Some Gentoo users find Debian a little crusty, especially with its very
conservative optimizations and certain Debian "support" forums can be
rather curmudgeonly, though this is more what I've heard than what I've
experienced (actually the few times I've needed help, I've popped on into
the freenode #debian channel and gotten a friendly answer rather quickly,
so props to the people who hang out there). Also, some people aren't
happy that Debian still runs XFree (the issues with X.org and Xfree
couldn't interest me less, frankly - from a user's standpoint so far, I
see no difference. The display gimmicks (translucency, etc.) in X.org
don't work well for me anyway), but there are some other slightly "behind
the times" things (if you are cutting-edge oriented, that is - it's all
relative as any conservative Debian advocate will probably tell you), such
as the fact that the 2.6 kernel in Sarge installs with devfs rather than
udev from the installer. The recent interview with the project leader
indicated that udev will be part of a future release (naturally). If you
have no idea what I'm talking about here, it probably doesn't matter much
to you.
Right now Debian is going through some possible changes in its release
schedule so a few things may change. Debian's conservatism has several
advantages anyway, which you'll find out if you run it (it is extremely
clear what these are to me when I run a server in that I barely have to
touch it - I run a Debian webserver at work).
So in summary:
I'd recommend Debian for non-power users who intend to remain that way and
are quite content with not learning much more about Linux, who just want
to use applications and be a *user*. (Also for everyone else, frankly. I
can't think of any particular audience I wouldn't recommend it to).
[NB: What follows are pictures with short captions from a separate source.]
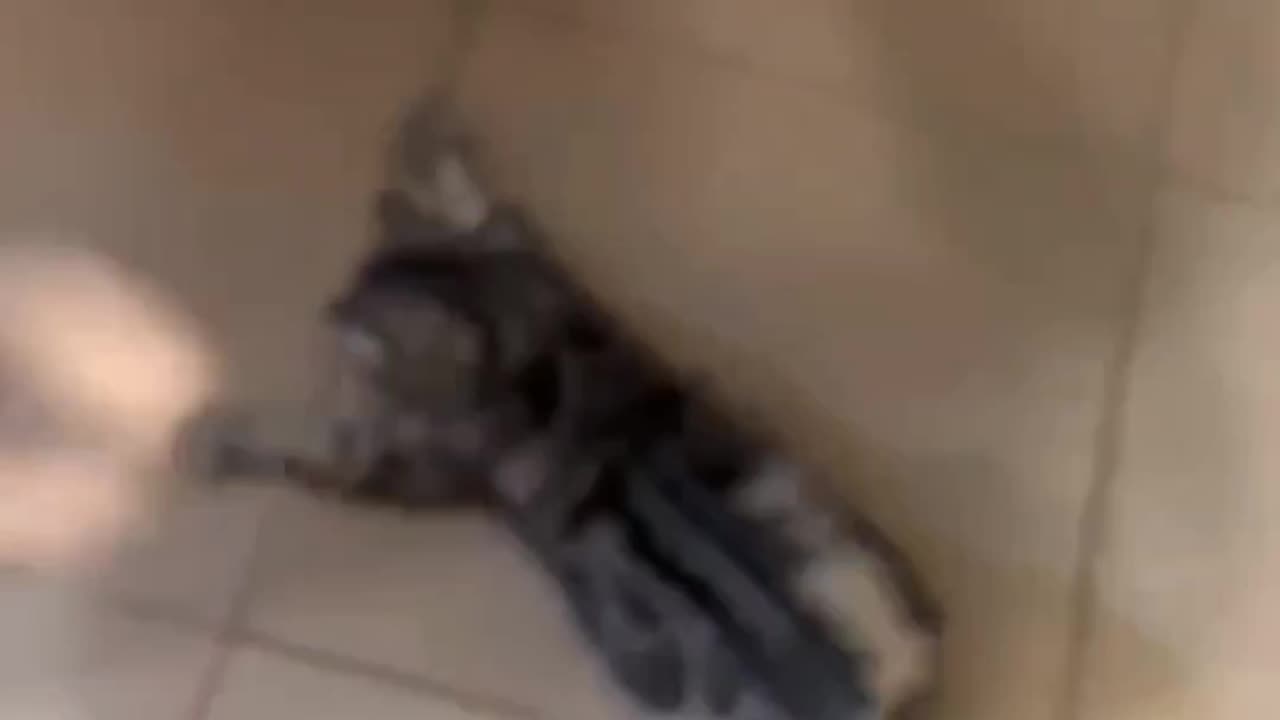 how do you try!?!, catch the light kitty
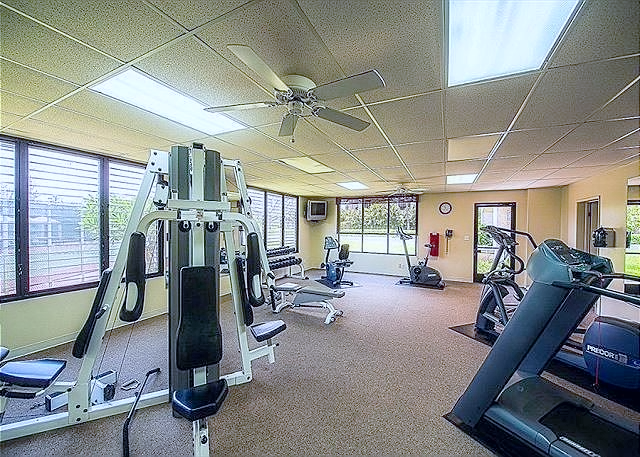 Fully equipped fitness room with cardio machines, weight stations, and sunny garden views.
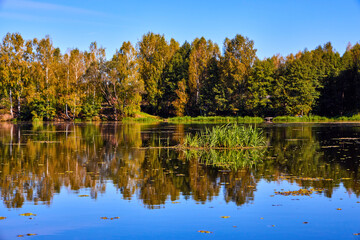 A serene river mirrors the golden hues of trees on a clear autumn day, showcasing nature’s symmetry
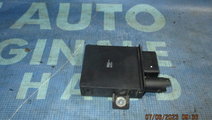 Releu bujii BMW E70 X5 3.0sd; 132197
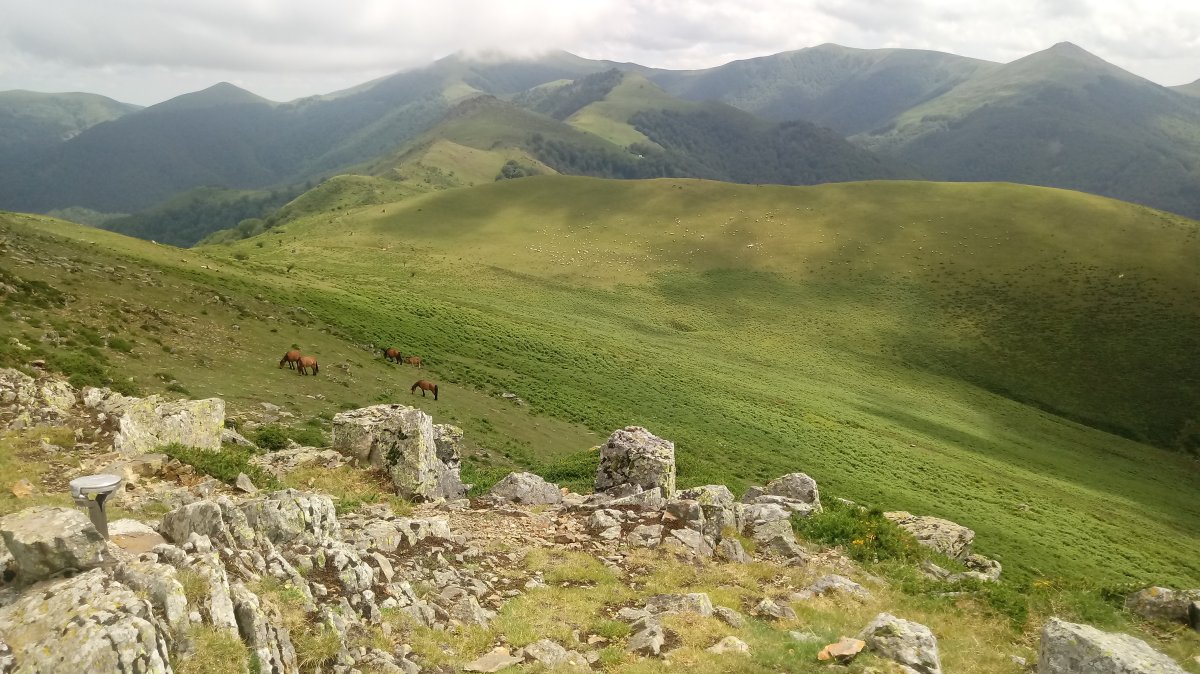 Abartan (1095m) zelaia eta Saioa alderako ikuspegia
Gentoo is great for non-power users who would like to learn more about
their system in one of the best possible ways (LFS is a whole other
discussion). Once the initial learning curve is over (and that curve is
really not that great if you can read directions), Gentoo is remarkably
easy to maintain and keep up to date, just as Debian is.
As for Mandrake, SuSE and so forth, I can't say much about them because I
haven't used Mandrake in a long time, and SuSE I've never used. Mandrake
was my first distro, and it got me interested, but it also frustrated me
in that when something didn't work, I couldn't figure out how to start
troubleshooting. I moved to Gentoo some time later, and stuff still goes
wrong sometimes but I always have an idea on where to start
troubleshooting because I have a better idea of what's going on. It is
conceivable that things have changed a lot since Mandrake 7.something
(maybe it was 8.something), I don't know. I've not had much desire to run
anything other than Debian, Gentoo, and FreeBSD, to be honest. (FreeBSD
is a little like Gentoo - more precisely, Gentoo is a little like FreeBSD.
FreeBSD also gives me a warm happy feeling in my tummy).
The final thing to consider is, if I had to put my money down on what
distribution will still be around in 20 years, it would be Debian. It's
been around a long time (Is it the oldest distro now, does anyone know?)
and will probably be here after the last hydrogen bomb is dropped, the
last clam eaten, and the last sheep launched.
Red Hat users will likely understand the value of this.